**Material provided**
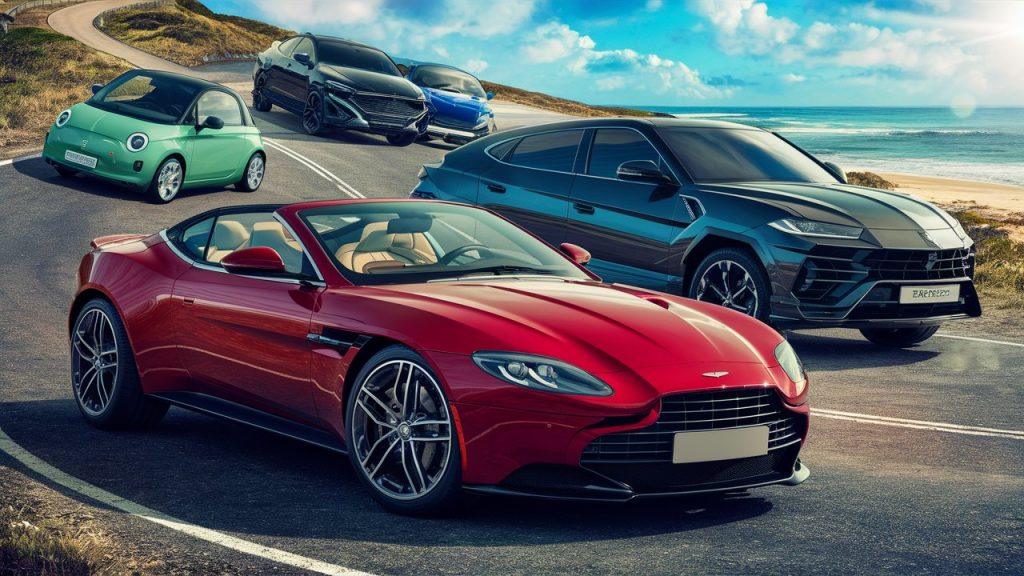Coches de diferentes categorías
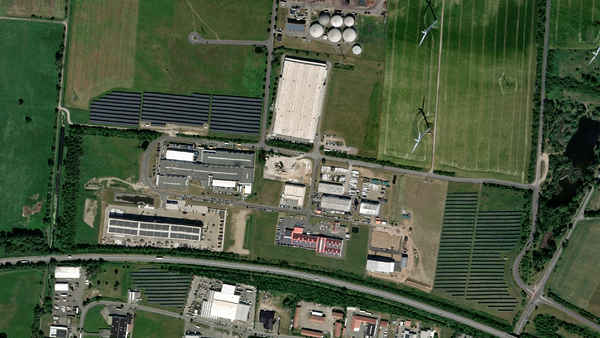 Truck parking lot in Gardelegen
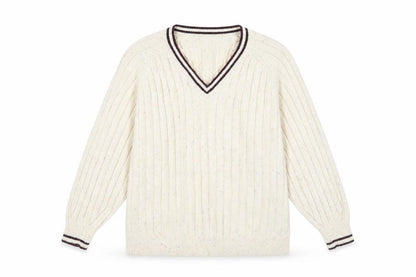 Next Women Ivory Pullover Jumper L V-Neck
* * *
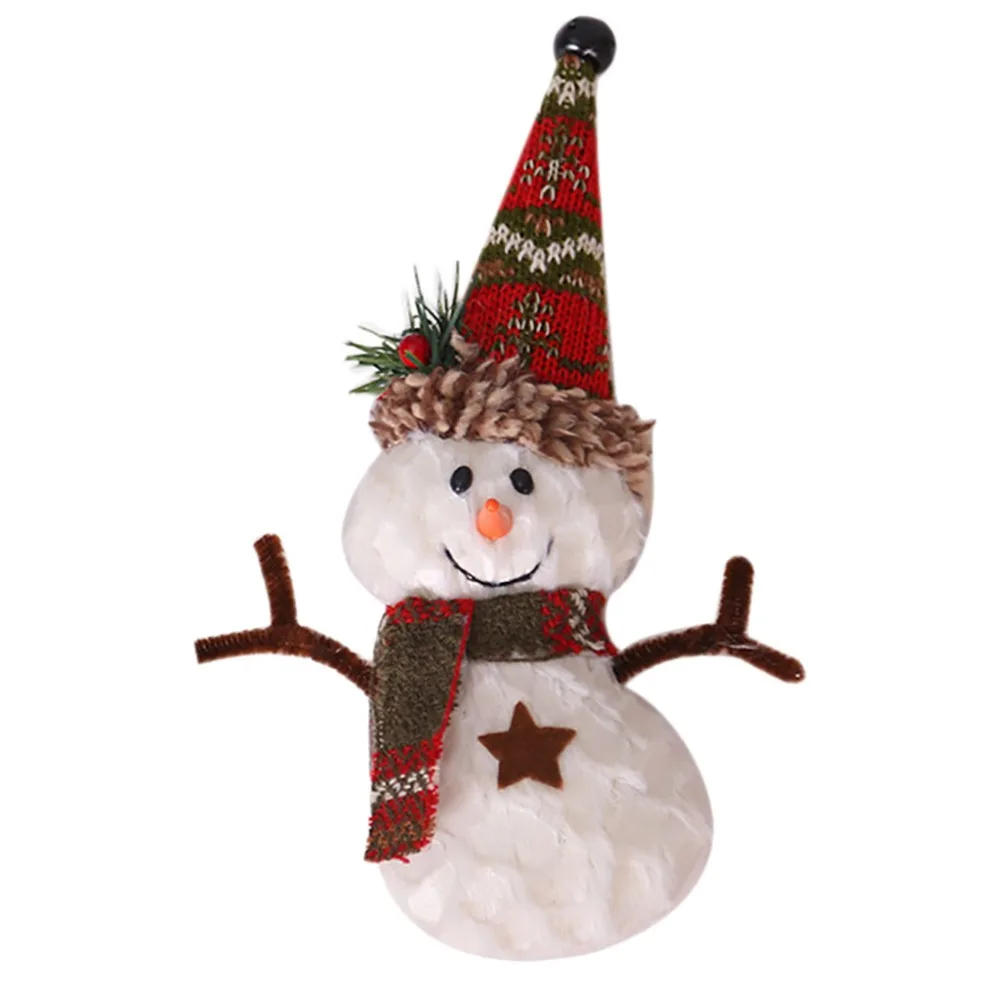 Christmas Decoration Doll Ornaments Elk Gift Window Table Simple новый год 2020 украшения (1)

**Required action**
Among the entries above, locate the line with "Truck parking lot in Gardelegen" and the line with "Next Women Ivory Pullover Jumper L V-Neck". Give those two lines and all lines between them again, exactly, leaving out the pictures.

**Written solution**
 Truck parking lot in Gardelegen
 Next Women Ivory Pullover Jumper L V-Neck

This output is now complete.